They also talked about how much the children’s shelter helped. One of the women had Raksha taking care of her daughter for around three years before having her daughter move back with her a year ago. She said this really helped her out a lot, because, not only did she not have to worry about what would happen when she brought her daughter to work with her, and what she would witness, but it meant that Raksha was supporting her daughters education, something that is difficult for a lot of these women to pay for.

For all my time volunteering at Sarah’s Hope (a women’s shelter in Baltimore), I don’t think that any of the women there would ever have let a shelter take care of their children so that they could work on getting back on their feet. I don’t think it would usually be an option, either. It makes a lot of sense, however, especially for these women who have limited work options, and the only thing to do while they are working is to take their children along with them to work.

It is a very different model, however, from the US. At the shelter in Baltimore, progress was made by providing the women and their families living at the shelter with space to live (in dorms with other families), meals, and certain other things (diapers, laundry soap), depending on how much income they generated. They stayed there until they had jobs and could find somewhere to live, and then they were released. (The other way they might be released would be if they broke rules or exhibited bad behavior.) While there, the women took classes in parenting, money management, and other classes to help them along.

It’s interesting to see how the needs change, yet stay the same with the country. They all need jobs, stability, schooling for their children, food, all the necessities to lead their lives. How this is going to happen, though, is very different. Here it might mean letting someone else care for your child while you work on the home situation. Or looking towards a community network to help you work your way out of a bad situation.
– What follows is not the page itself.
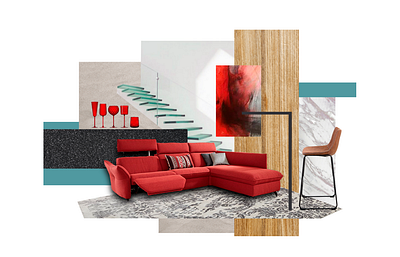 Interior design concept collage. collage design concept interior red and wood red sofa
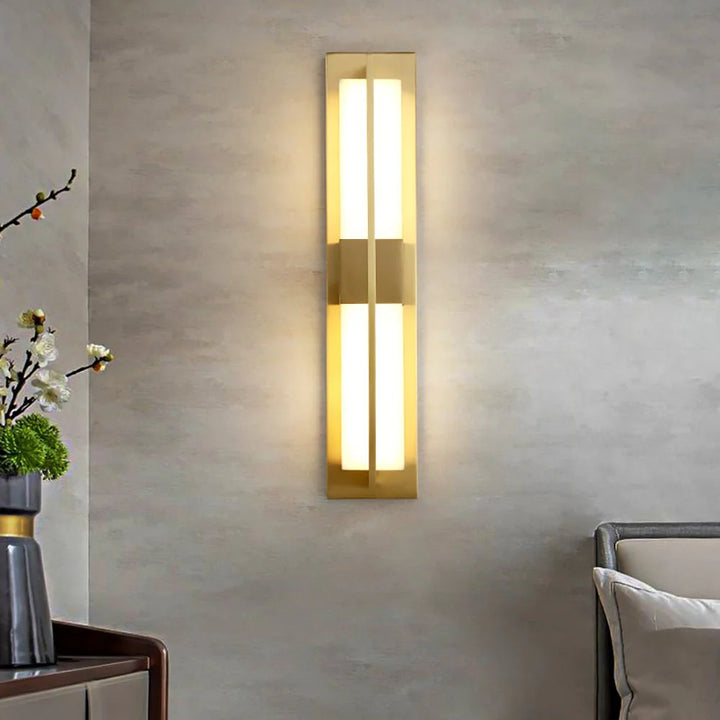Rectangular alabaster brass wall sconce luxury lighting living room wall front view modern decor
In Baltimore it seemed to be much more about the individual, and how the individual could get back on their feet, here it is about working together to get the community back on their feet, and to work towards a better situation for all of them. Now, here’s a bonus picture of Mohit being adorable:


The First 48 Hours

Yesterday was a lot of things. Scary, new, exciting. It was scary coming here at night, because I had no idea where I was. All I knew was that the cab drove off of the main street, down the dirt roads, and into a little piece of road that is more piles of bricks and trash than drivable street. I have a bottom floor flat in my building, which is across from Raksha Nepal, the NGO that I am volunteering at.

I chose to go straight home after the flight, instead of getting something to eat with the girls who picked me up since I was pretty tired from traveling for so long. It was really after unpacking my things into my flat, that I had the very scary realization of just how far from home I really am. It’s scary being so far away from home, alone. Especially at night when the noises are foreign and the streets are new, and I have no idea of where I am or really what I am doing here.

Today, however showed me just how wonderful it is here. While yesterday was spent in a daze of learning about the shelter, meeting people, and trying to explain who I am to everyone I met, today was a lot easier. Saturday is the weekly holiday/weekend here, so I didn’t need to be in to the shelter at any specific time. Instead I tried to sleep in a bit, and hung out watching TV and trying to decide how to spend my day. I figured I would try and walk around a bit, see more of the area around me, and maybe try and find an internet café so I could finally get internet.

My day was decided for me, quickly, when I heard a banging at the door early in the afternoon. “Jenny! Jenny!” Two of the girls who are my age, Isu and Rekha, who work at the shelter, were at my door, looking for me! They have decided to take me under their wing and befriend me so that I have friends here. They waited for me to pull on jeans, then we walked to Thamel, the busier, more touristy area just a ten minute walk away from our district, Lanichaur. There we met one of the other volunteers for lunch: buff momo (mutton dumplings, essentially), french fries, and paneer pakora. After that they took me to a store to get some groceries and ingredients to make tea with, and took me back to my flat to teach me to make Nepali tea for myself! They are so sweet, really making sure that I don’t feel alone here, and that I know that I can come to them for anything.

Isu and Rekha are partially in charge of helping to entertain the children at the shelter, so we went back and brought all of the kids up to the roof and turned on music for a dance party. We spent a good hour or so dancing up there, and one of the children even stole my phone to take some videos! It was so much fun just playing with all of the children—they all would come up to me, going “sister! Sister! Come dance!”. And beyond the crowded and colorful roofs of the city were the mountains rising up in the north. It’s really quite an amazing thing to see.

It’s still hard adjusting to this new place. Cold showers, muddy streets and strange food are just part of it. But having this whole family that really wants to take me in and make me feel at home makes it so much easier. They treat me like a sister, constantly making sure that I am feeling okay, that I have food, water, everything that I need. It is such a warm, open place to be. And while it is still scary at times (well, I am only two days in…) it is also such a warm and sweet place to be at the same time.  I still work to get used to some customs (it’s hard to remember to take off my shoes outside, still!), but I know that I will get used to them soon!